For Melithafa, whose mother is a small-scale farmer, the climate crisis is not an abstraction but a terrifying lived reality. “I saw first-hand how the drought was affecting farmers who rely on rain to grow crops and feed cattle. When you see your cows dying, you see money going down the drain,” she said. She began to conduct research on the internet, to find out what had caused the situation, and came across information about climate change. “As a black teenager in South Africa, you are going to ask yourself, ‘What is climate change? Where is it coming from?’,” she said. “That’s when I learnt that global warming is real, and we might face extinction if we don’t change the way we live.”
Upon learning these facts, Ayakha “got stuck in climate anxiety and depression”, wondering why nobody else was responding to the crisis. “I thought, ‘What is the point of even trying to make a change?’ It seemed that nobody cared. But one thing that gave me hope was going online and seeing I could join initiatives where other people were actively trying to make a change. I identified people with the same drive as me,” she said. She joined Project 90 by 2030, a social and environmental justice organisation striving for a low-carbon economy by 2030 and was exposed to possible solutions to the crisis.
She also joined the African Climate Alliance, a youth-led affinity group focused on combating climate inactivity. She protested as part of the FridaysForFuture global climate strike movement, which focuses on climate injustices around the world and, together with Swedish climate activist Greta Thunberg and 14 other children, she submitted a legal complaint to the UN Committee on the Rights of the Child, which asserts that not tackling the climate crisis is a violation of children’s rights.
She also spoke at the World Economic Forum. “We are in a revolution, and so much change is happening all over the world, which gives me strength,” she said. “I can represent other children and show them it is safe for them to be active in these spaces. I can definitely say I have fulfilled my purpose as a young person.”
At the same time, she argued that it is not up to young people to “fix a world that we did not break”, and asserted that everyone should work towards finding solutions.

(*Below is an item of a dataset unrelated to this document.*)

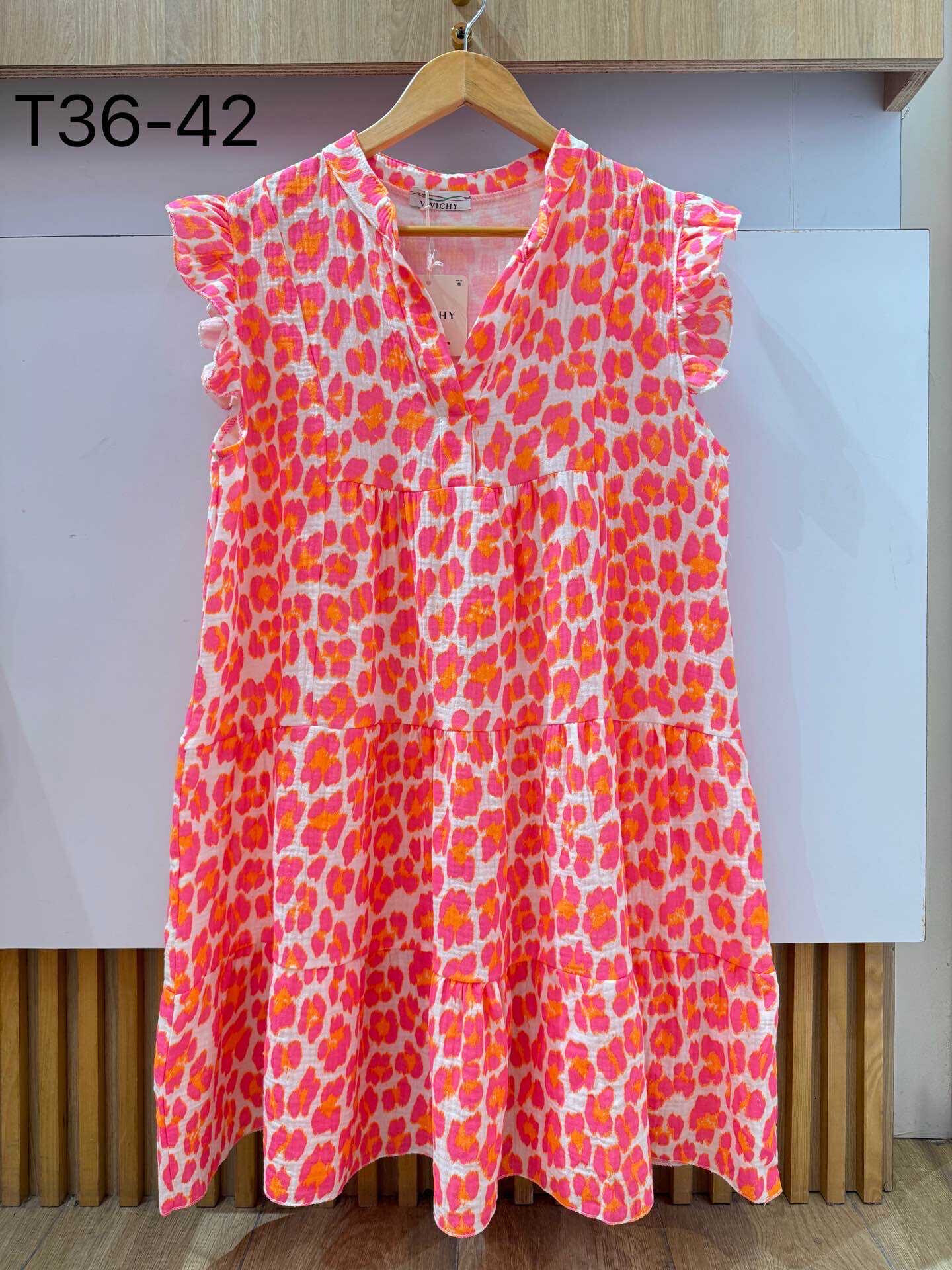 Wholesaler VIVICHY - Short cotton gauze dress with neon leopard print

“I know that we’re facing a lot of socioeconomic injustices, like poverty, gender-based violence, xenophobia, migration and so on, but it’s important for us to stand up, stand together and acknowledge that the crisis we are facing right now cannot be solved alone. We have to understand the intersectionality of these crises and come together to raise more awareness and hold those in the wrong accountable,” she said.

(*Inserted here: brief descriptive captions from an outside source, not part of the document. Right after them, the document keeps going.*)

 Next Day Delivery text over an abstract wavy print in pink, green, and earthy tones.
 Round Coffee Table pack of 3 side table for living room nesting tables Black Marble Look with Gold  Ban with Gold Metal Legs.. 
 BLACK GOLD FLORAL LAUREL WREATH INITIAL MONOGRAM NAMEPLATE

She said that young people had to decide whether they were going to join other youngsters driving change or whether they would become complacent and tell themselves that others would deal with the problem. “In the past, we’ve seen how powerful young people can be – especially here in South Africa, with the Soweto uprising – and I truly believe that if young people stand together and really bring about social change, we will conquer and live in a fruitful, lower-carbon society that is still full of resources, and we will thrive,” she concluded.